What you should do: The entire listing below is to be written out exactly, minus the pictures.
──────── Dataset section ────────
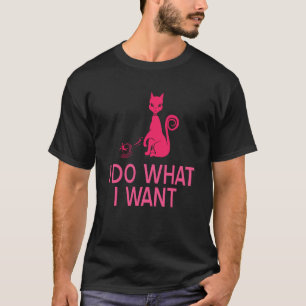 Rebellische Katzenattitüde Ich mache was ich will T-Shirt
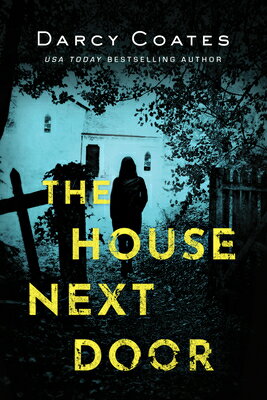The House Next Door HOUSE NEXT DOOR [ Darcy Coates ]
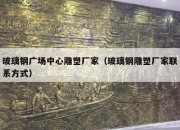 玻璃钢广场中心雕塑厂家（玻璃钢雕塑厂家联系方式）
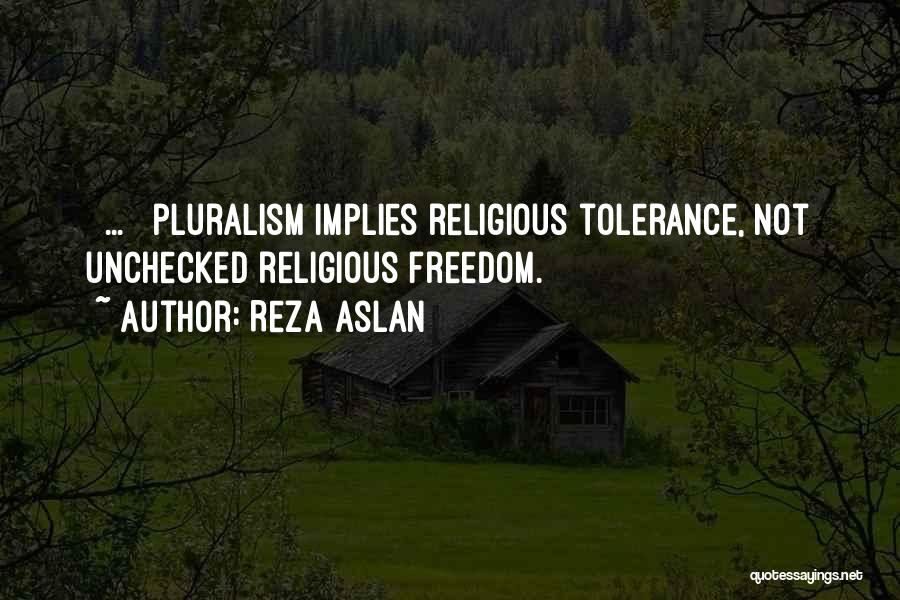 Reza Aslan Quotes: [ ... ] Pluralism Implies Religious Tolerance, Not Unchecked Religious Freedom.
────────
Response area:
 Rebellische Katzenattitüde Ich mache was ich will T-Shirt
The House Next Door HOUSE NEXT DOOR [ Darcy Coates ]
 玻璃钢广场中心雕塑厂家（玻璃钢雕塑厂家联系方式）
 Reza Aslan Quotes: [ ... ] Pluralism Implies Religious Tolerance, Not Unchecked Religious Freedom.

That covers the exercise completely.